Ideally HELLO would be extended to support CLIENT SETLIB - but combining the entirety of the SETLIB block - so that we could call one command, rather than a minimum of 3. This in turn would make for a faster client experience, during the connection phase.

Comment From: vladvildanov

Must have 👍 Any additional command on connection have a huge impact on high-loaded clients. Reducing commands count on connection leads to much better user experience

Comment From: madolson

However, there's an additional wrinkle in HELLO in that unlike AUTH it requires both a username, and password - both according to the documentation, and testing:

This is trivial to solve though, as an omitted user is just the default user. That can be handled by the client.

Ideally HELLO would be extended to support CLIENT SETLIB - but combining the entirety of the SETLIB block - so that we could call one command, rather than a minimum of 3. This in turn would make for a faster client experience, during the connection phase.

Is there specific data to back this up? The expectation is that sending the commands in a pipeline shouldn't meaningfully impact the performance of client startup, especially given how impactful authentication is. I do now realize that CLIENT SETINFO should probably allow sending both lib and version together instead of sending two separate commands.

Extending the hello command was the original proposal I forwarded, but we decided it would be easier for clients to send multiple commands with the expectation that some of them might fail (and that was OK).

Comment From: michael-grunder

Is there specific data to back this up?

I may be able to get some graphs around this from users of PhpRedis. That said, from my experience it is pretty impactful especially when it's a high volume workload of ephemeral clients that connect, perform a tiny number of operations, and then disconnect.

I suppose the only way to be sure is to measure. As an aside, I'd also like to be able to send CLIENT TRACKING ON as part of HELLO but his may be a bridge too far :smile:

Comment From: madolson

I may be able to get some graphs around this from users of PhpRedis. That said, from my experience it is pretty impactful especially when it's a high volume workload of ephemeral clients that connect, perform a tiny number of operations, and then disconnect.

Pooling and multiplexing would be an alternative answer here.

Comment From: michael-grunder

Pooling and multiplexing would be an alternative answer here.

No doubt. I was just commenting that it can have a surprisingly noticeable impact.

Comment From: soloestoy

I remember that when discussing this issue, other client developers objected to extending the HELLO command https://github.com/redis/redis/pull/11758#issuecomment-1421019332.

Because, during the initial handshake, the client is unaware of the server version. If the client uses a command like HELLO 3 AUTH user pwd LIBRARY lib-name VERSION foo lib-ver 1 and the Redis server is of a lower version, the handshake would fail. Therefore, we introduced the separate command CLIENT SETINFO to address this issue.

However, now that we have the CLIENT SETINFO command, I believe we can extend the HELLO command too.
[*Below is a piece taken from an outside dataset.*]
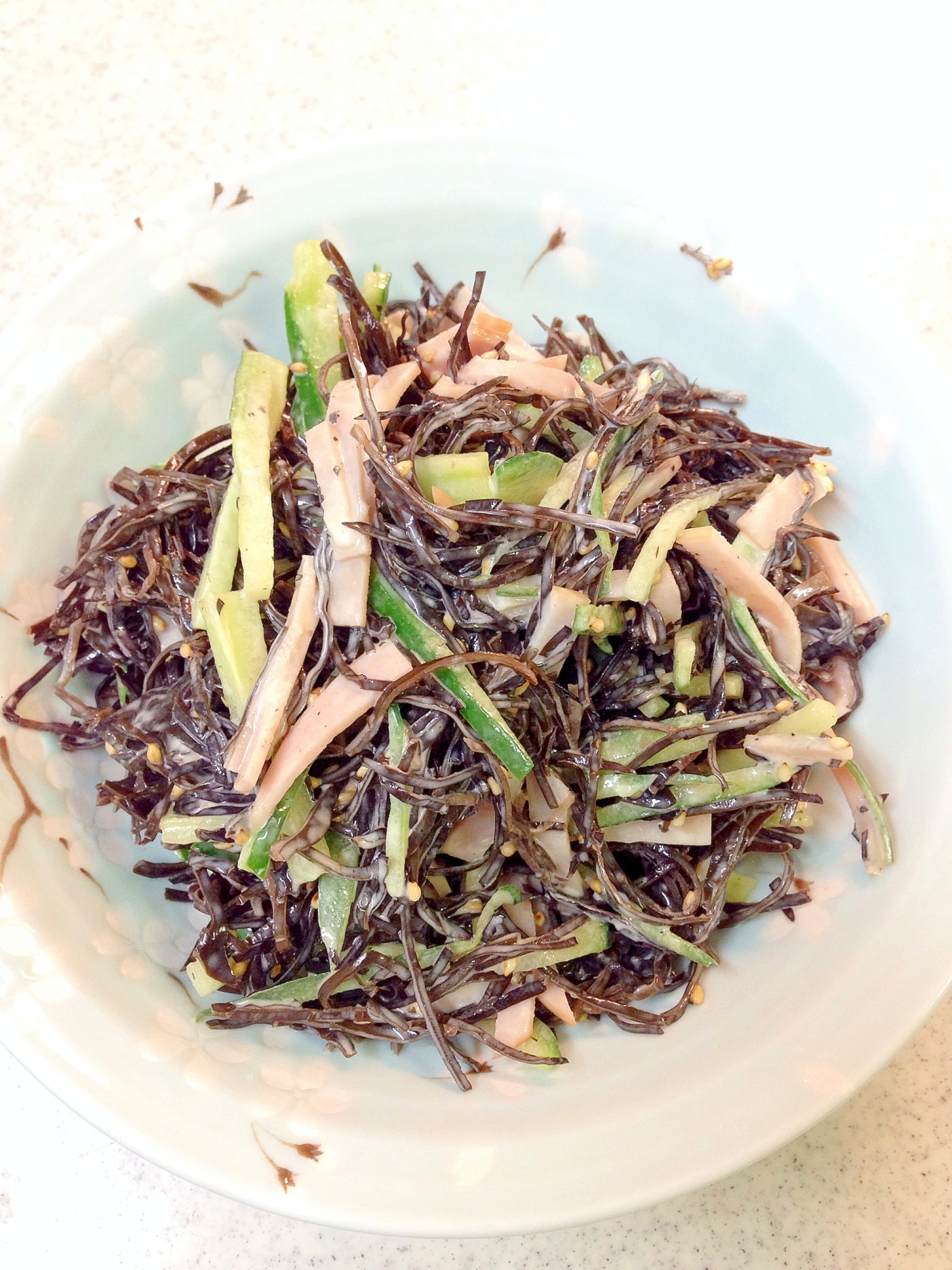 あらめとハムのマヨネーズ和え レシピ 作り方 By 愛犬777 楽天レシピ あらめとハムのマヨネーズ和え レシピ 作り方 By 愛犬777 楽天レシピ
Clients can choose whether to complete the entire handshake process using just HELLO or to use HELLO along with CLIENT SETINFO.

Undoubtedly, the extended HELLO command can optimize the performance of ephemeral connections. Although we do not recommend using it in this way, it is true that many clients support this mode.

@redis/core-team please comment.

Comment From: oranagra

@soloestoy i don't understand what exactly you want us to comment on? any extension of HELLO would mean that clients that use this extension and still wanna be compatible with older versions of redis that don't support it, have to implement a fallback, which means another round trip.

Comment From: soloestoy

Is it necessary to extend HELLO to provide clients with the opportunity to set library information using HELLO, while also accepting the risk of incompatibility, leaving it up to the clients to decide rather than imposing restrictions from our end.

Comment From: oranagra

i disagree that it's "necessary", or at least i don't see any reason not to pipeline the two commands right after the other. that was the plan when we created that command, so i don't understand what changed.

Comment From: madolson

Agree with Oran, we discussed the options here and I still think we picked the right way to solve this problem. It may not be ideal, but pipelining additional arguments seems like the most compatible and future proof approach.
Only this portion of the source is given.